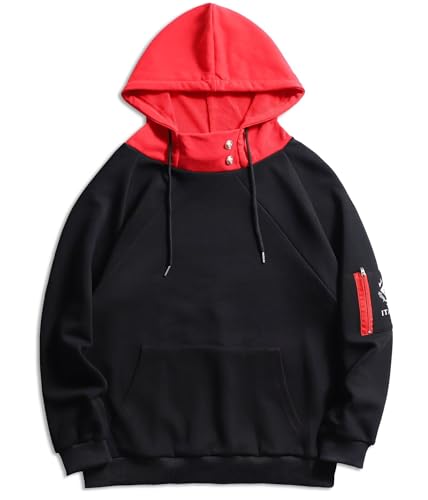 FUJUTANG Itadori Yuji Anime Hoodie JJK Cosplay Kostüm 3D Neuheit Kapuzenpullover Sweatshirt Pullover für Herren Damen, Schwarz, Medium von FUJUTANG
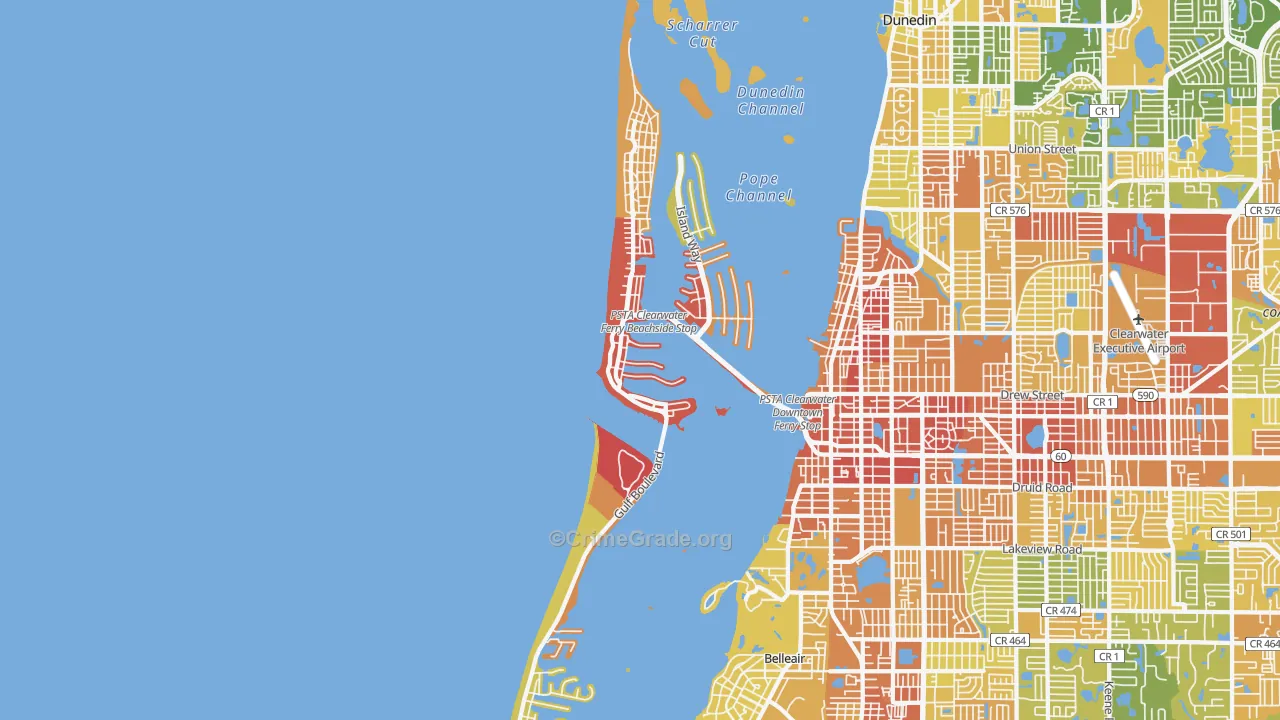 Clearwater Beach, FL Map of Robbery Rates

+-------+

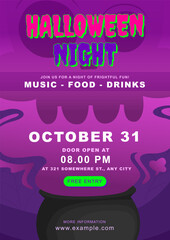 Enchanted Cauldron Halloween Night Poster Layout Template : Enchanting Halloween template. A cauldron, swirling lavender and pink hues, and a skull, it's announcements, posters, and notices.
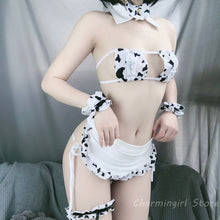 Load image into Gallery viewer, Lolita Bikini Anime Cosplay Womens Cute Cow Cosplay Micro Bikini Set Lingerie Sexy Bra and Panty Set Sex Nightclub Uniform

+-------+

From the line containing "FUJUTANG Itadori Yuji" through the line containing "Clearwater Beach, FL Map of Robbery Rates", copy every line above exactly, without pictures.

- [Solution for this exercise]:
 FUJUTANG Itadori Yuji Anime Hoodie JJK Cosplay Kostüm 3D Neuheit Kapuzenpullover Sweatshirt Pullover für Herren Damen, Schwarz, Medium von FUJUTANG
 Clearwater Beach, FL Map of Robbery Rates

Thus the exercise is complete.